BEGIN
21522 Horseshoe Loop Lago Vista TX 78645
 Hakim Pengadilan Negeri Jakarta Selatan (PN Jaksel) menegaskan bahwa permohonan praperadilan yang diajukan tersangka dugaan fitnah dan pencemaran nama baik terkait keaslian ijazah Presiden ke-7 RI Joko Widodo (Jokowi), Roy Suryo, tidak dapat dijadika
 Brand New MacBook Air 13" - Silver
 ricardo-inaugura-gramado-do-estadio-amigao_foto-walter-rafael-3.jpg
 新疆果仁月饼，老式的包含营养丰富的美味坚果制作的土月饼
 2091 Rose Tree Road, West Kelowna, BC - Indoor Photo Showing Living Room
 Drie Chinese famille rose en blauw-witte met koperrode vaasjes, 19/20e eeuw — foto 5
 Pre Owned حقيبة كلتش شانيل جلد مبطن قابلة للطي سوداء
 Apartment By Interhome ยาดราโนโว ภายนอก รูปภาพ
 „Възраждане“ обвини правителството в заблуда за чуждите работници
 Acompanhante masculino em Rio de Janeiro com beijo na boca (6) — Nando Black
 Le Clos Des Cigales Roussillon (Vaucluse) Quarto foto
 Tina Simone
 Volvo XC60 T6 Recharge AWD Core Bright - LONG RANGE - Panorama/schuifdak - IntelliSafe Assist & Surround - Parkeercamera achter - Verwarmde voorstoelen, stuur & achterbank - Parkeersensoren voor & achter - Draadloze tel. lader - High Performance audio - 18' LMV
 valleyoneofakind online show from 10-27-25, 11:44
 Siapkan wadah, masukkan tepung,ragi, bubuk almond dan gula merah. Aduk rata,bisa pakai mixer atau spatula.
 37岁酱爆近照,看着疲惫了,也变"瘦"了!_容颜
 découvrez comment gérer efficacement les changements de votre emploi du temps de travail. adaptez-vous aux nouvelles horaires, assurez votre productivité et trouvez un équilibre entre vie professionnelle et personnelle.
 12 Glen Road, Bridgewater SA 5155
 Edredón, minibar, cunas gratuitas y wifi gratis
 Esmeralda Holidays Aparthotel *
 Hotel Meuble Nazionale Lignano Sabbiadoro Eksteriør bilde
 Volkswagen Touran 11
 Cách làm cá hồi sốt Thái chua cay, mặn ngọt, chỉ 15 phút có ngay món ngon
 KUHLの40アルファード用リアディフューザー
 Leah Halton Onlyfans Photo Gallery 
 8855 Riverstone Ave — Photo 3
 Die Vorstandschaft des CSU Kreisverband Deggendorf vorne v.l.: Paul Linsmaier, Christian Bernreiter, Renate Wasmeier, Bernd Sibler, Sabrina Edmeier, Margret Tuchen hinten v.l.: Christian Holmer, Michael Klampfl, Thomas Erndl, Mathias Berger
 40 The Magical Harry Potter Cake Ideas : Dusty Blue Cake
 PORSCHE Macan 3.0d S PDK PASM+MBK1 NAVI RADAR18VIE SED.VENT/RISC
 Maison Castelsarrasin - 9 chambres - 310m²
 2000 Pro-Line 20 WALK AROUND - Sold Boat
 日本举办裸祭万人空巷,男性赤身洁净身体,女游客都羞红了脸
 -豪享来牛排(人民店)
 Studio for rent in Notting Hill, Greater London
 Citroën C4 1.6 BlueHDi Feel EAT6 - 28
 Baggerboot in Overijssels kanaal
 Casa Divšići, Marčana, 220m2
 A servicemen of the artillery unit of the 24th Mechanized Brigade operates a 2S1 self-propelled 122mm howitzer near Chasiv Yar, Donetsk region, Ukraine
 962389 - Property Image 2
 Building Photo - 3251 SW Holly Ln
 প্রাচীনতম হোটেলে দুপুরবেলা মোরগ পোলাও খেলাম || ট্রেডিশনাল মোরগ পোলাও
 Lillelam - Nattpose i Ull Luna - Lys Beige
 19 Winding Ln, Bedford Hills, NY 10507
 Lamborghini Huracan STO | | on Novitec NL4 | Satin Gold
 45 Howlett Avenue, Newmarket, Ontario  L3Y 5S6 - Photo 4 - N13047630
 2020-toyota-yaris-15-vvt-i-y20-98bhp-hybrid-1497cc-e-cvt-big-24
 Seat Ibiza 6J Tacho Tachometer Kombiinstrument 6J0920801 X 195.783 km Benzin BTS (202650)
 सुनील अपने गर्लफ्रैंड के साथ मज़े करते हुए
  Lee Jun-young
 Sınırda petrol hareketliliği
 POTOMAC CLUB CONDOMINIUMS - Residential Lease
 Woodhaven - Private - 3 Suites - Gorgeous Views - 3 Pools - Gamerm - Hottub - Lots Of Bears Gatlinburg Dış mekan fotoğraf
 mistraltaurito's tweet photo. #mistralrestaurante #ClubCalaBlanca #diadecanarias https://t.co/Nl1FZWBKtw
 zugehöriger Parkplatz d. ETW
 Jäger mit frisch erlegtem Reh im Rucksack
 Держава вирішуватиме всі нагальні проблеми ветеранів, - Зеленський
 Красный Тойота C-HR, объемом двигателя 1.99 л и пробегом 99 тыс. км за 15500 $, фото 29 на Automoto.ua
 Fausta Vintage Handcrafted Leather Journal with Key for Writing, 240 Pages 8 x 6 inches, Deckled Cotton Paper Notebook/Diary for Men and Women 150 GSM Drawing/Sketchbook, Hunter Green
END
**TASK INSTRUCTIONS:**
Verbatim and in full, return the listing above.

**FINISHED TASK:**
21522 Horseshoe Loop Lago Vista TX 78645
 Hakim Pengadilan Negeri Jakarta Selatan (PN Jaksel) menegaskan bahwa permohonan praperadilan yang diajukan tersangka dugaan fitnah dan pencemaran nama baik terkait keaslian ijazah Presiden ke-7 RI Joko Widodo (Jokowi), Roy Suryo, tidak dapat dijadika
 Brand New MacBook Air 13" - Silver
 ricardo-inaugura-gramado-do-estadio-amigao_foto-walter-rafael-3.jpg
 新疆果仁月饼，老式的包含营养丰富的美味坚果制作的土月饼
 2091 Rose Tree Road, West Kelowna, BC - Indoor Photo Showing Living Room
 Drie Chinese famille rose en blauw-witte met koperrode vaasjes, 19/20e eeuw — foto 5
 Pre Owned حقيبة كلتش شانيل جلد مبطن قابلة للطي سوداء
 Apartment By Interhome ยาดราโนโว ภายนอก รูปภาพ
 „Възраждане“ обвини правителството в заблуда за чуждите работници
 Acompanhante masculino em Rio de Janeiro com beijo na boca (6) — Nando Black
 Le Clos Des Cigales Roussillon (Vaucluse) Quarto foto
 Tina Simone
 Volvo XC60 T6 Recharge AWD Core Bright - LONG RANGE - Panorama/schuifdak - IntelliSafe Assist & Surround - Parkeercamera achter - Verwarmde voorstoelen, stuur & achterbank - Parkeersensoren voor & achter - Draadloze tel. lader - High Performance audio - 18' LMV
 valleyoneofakind online show from 10-27-25, 11:44
 Siapkan wadah, masukkan tepung,ragi, bubuk almond dan gula merah. Aduk rata,bisa pakai mixer atau spatula.
 37岁酱爆近照,看着疲惫了,也变"瘦"了!_容颜
 découvrez comment gérer efficacement les changements de votre emploi du temps de travail. adaptez-vous aux nouvelles horaires, assurez votre productivité et trouvez un équilibre entre vie professionnelle et personnelle.
 12 Glen Road, Bridgewater SA 5155
 Edredón, minibar, cunas gratuitas y wifi gratis
 Esmeralda Holidays Aparthotel *
 Hotel Meuble Nazionale Lignano Sabbiadoro Eksteriør bilde
 Volkswagen Touran 11
 Cách làm cá hồi sốt Thái chua cay, mặn ngọt, chỉ 15 phút có ngay món ngon
 KUHLの40アルファード用リアディフューザー
 Leah Halton Onlyfans Photo Gallery 
 8855 Riverstone Ave — Photo 3
 Die Vorstandschaft des CSU Kreisverband Deggendorf vorne v.l.: Paul Linsmaier, Christian Bernreiter, Renate Wasmeier, Bernd Sibler, Sabrina Edmeier, Margret Tuchen hinten v.l.: Christian Holmer, Michael Klampfl, Thomas Erndl, Mathias Berger
 40 The Magical Harry Potter Cake Ideas : Dusty Blue Cake
 PORSCHE Macan 3.0d S PDK PASM+MBK1 NAVI RADAR18VIE SED.VENT/RISC
 Maison Castelsarrasin - 9 chambres - 310m²
 2000 Pro-Line 20 WALK AROUND - Sold Boat
 日本举办裸祭万人空巷,男性赤身洁净身体,女游客都羞红了脸
 -豪享来牛排(人民店)
 Studio for rent in Notting Hill, Greater London
 Citroën C4 1.6 BlueHDi Feel EAT6 - 28
 Baggerboot in Overijssels kanaal
 Casa Divšići, Marčana, 220m2
 A servicemen of the artillery unit of the 24th Mechanized Brigade operates a 2S1 self-propelled 122mm howitzer near Chasiv Yar, Donetsk region, Ukraine
 962389 - Property Image 2
 Building Photo - 3251 SW Holly Ln
 প্রাচীনতম হোটেলে দুপুরবেলা মোরগ পোলাও খেলাম || ট্রেডিশনাল মোরগ পোলাও
 Lillelam - Nattpose i Ull Luna - Lys Beige
 19 Winding Ln, Bedford Hills, NY 10507
 Lamborghini Huracan STO | | on Novitec NL4 | Satin Gold
 45 Howlett Avenue, Newmarket, Ontario  L3Y 5S6 - Photo 4 - N13047630
 2020-toyota-yaris-15-vvt-i-y20-98bhp-hybrid-1497cc-e-cvt-big-24
 Seat Ibiza 6J Tacho Tachometer Kombiinstrument 6J0920801 X 195.783 km Benzin BTS (202650)
 सुनील अपने गर्लफ्रैंड के साथ मज़े करते हुए
  Lee Jun-young
 Sınırda petrol hareketliliği
 POTOMAC CLUB CONDOMINIUMS - Residential Lease
 Woodhaven - Private - 3 Suites - Gorgeous Views - 3 Pools - Gamerm - Hottub - Lots Of Bears Gatlinburg Dış mekan fotoğraf
 mistraltaurito's tweet photo. #mistralrestaurante #ClubCalaBlanca #diadecanarias https://t.co/Nl1FZWBKtw
 zugehöriger Parkplatz d. ETW
 Jäger mit frisch erlegtem Reh im Rucksack
 Держава вирішуватиме всі нагальні проблеми ветеранів, - Зеленський
 Красный Тойота C-HR, объемом двигателя 1.99 л и пробегом 99 тыс. км за 15500 $, фото 29 на Automoto.ua
 Fausta Vintage Handcrafted Leather Journal with Key for Writing, 240 Pages 8 x 6 inches, Deckled Cotton Paper Notebook/Diary for Men and Women 150 GSM Drawing/Sketchbook, Hunter Green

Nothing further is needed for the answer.